The core is required of all majors. It ensures that students will have broad understanding of the history, operation, regulation of broadcast media, and economic, social, and cultural influences on those media. The major then divides into two tracks, broadcast production and broadcast news. The overriding objective of both tracks is to provide the intellectual and ethical tools that will allow students to operate successfully and responsibly in the professional world of broadcasting.
Broadcast production majors will learn studio-based, multiple-camera TV production. This emphasis prepares students to step into a TV studio or video production facility and function professionally at the entry level.

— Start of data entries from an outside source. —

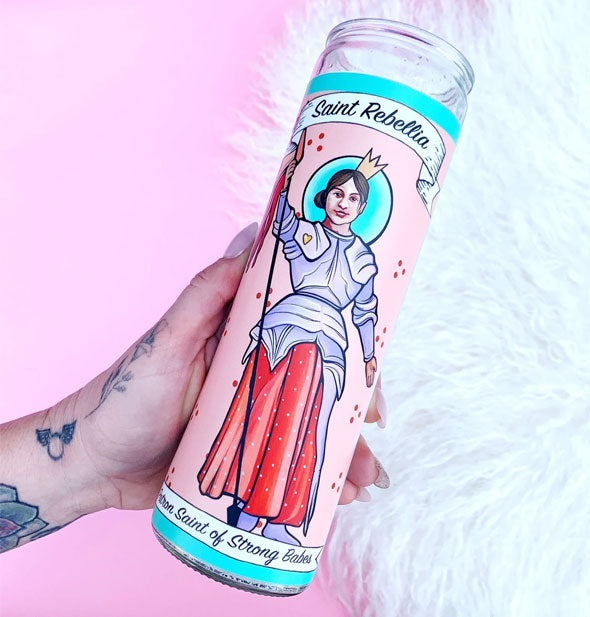 A hand holds the Saint Rebellia, Patron Saint of Strong Babes prayer candle against a pink and white fur background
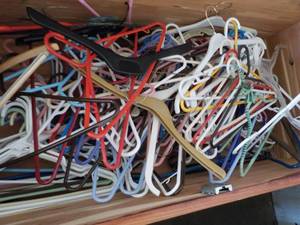 lot 5 image: 125 Plastic Hangers- some wood and ...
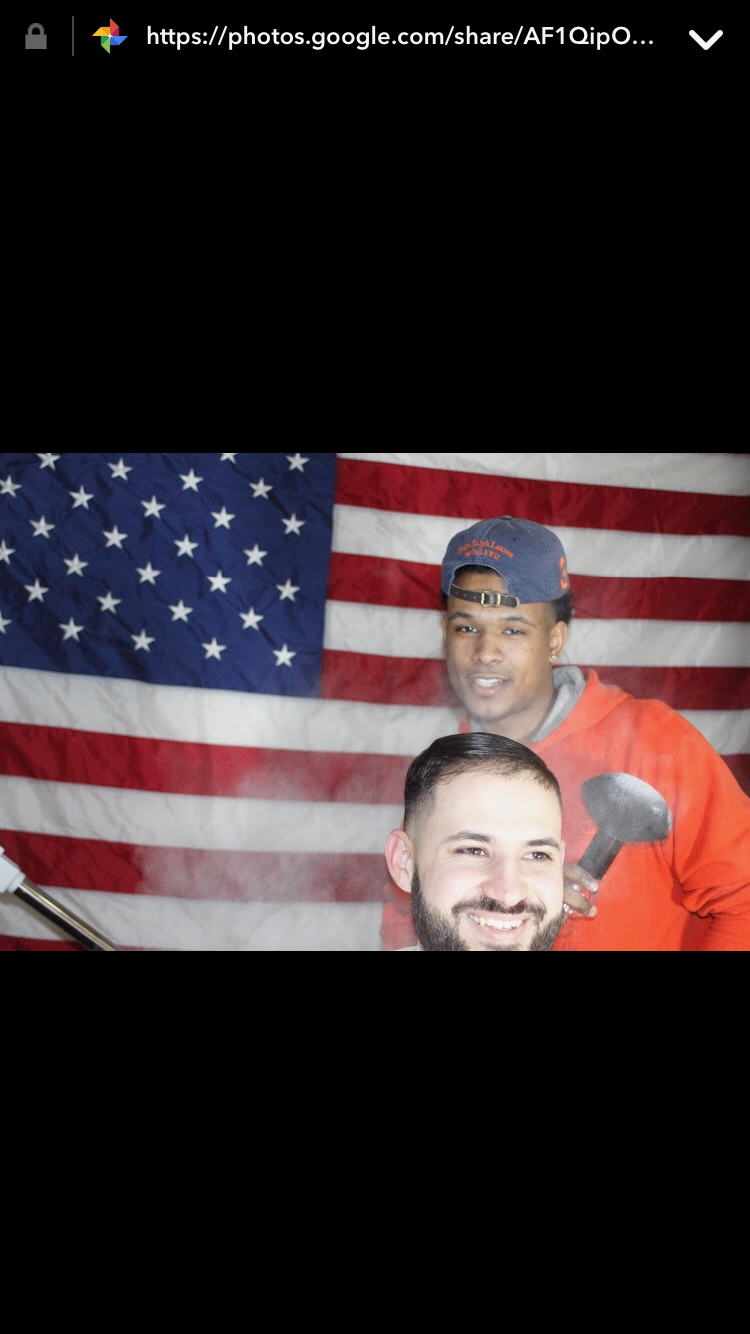 Rommell with satisfied client and American flag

Broadcast news majors will learn the basic reporting concepts and practices common to print, video, and radio. This emphasis prepares students to step into small to medium market TV or radio stations as a reporter, producer or production assistant.
Most media outlets today have developed an internet outlet. Broadcasters are hiring print journalists to assist with online information delivery. Print publishers are hiring broadcast majors to assist with audio and video online presentations. There are lots of opportunities for a graduate with specialized skills that serve the converging trends of media organizations.
Broadcast majors are strongly encouraged to take multiple internships in a variety of settings: radio and television stations, online publications and newspapers. Most local media have developed online services, where students also find a variety of internship opportunities. Students may apply up to 15 internship credits toward graduation. Students are strongly urged to work closely with their faculty advisor or internship coordinator in identifying internships that best suit their interests and career ambitions.
Broadcasting majors are offered internship opportunities with television, radio, and cable stations in West Michigan. The Grand Rapids area is a top-50 market for television and it features three commercial television stations, two public TV/radio stations and approximately 40 radio stations.
The School of Communications’ Scholarships honor upper level School of Communications students who have demonstrated promise in their chosen field of study.
The Corky Meinecke Memorial Scholarship is intended to benefit students with an interest in a career in sports, be it in radio, television or print media, or in media relations.
The Grand Valley Lanthorn Merit Scholarships benefits student staff members working in editorial, advertising and business departments.
The Jennifer Youssef Journalism Scholarship benefits a student who intends to pursue a career in print or broadcast journalism.
Warren Reynolds Scholarship is named in honor of the longtime sports director at WOOD-TV in Grand Rapids, Warren Reynolds.
John and Marjorie Shepard Communications Scholarship is named in memory of John J. and Marjorie Shepard, to benefit students pursuing careers in broadcasting.
The primary student media outlet is the twice-weekly print edition of the Grand Valley Lanthorn and its on line associated outlet, www.lanthorn.com. Staff positions in all departments are paid.
Students also have the opportunity to gain experience at WCKS, the student-run radio station, and GVTV, the student-run television station.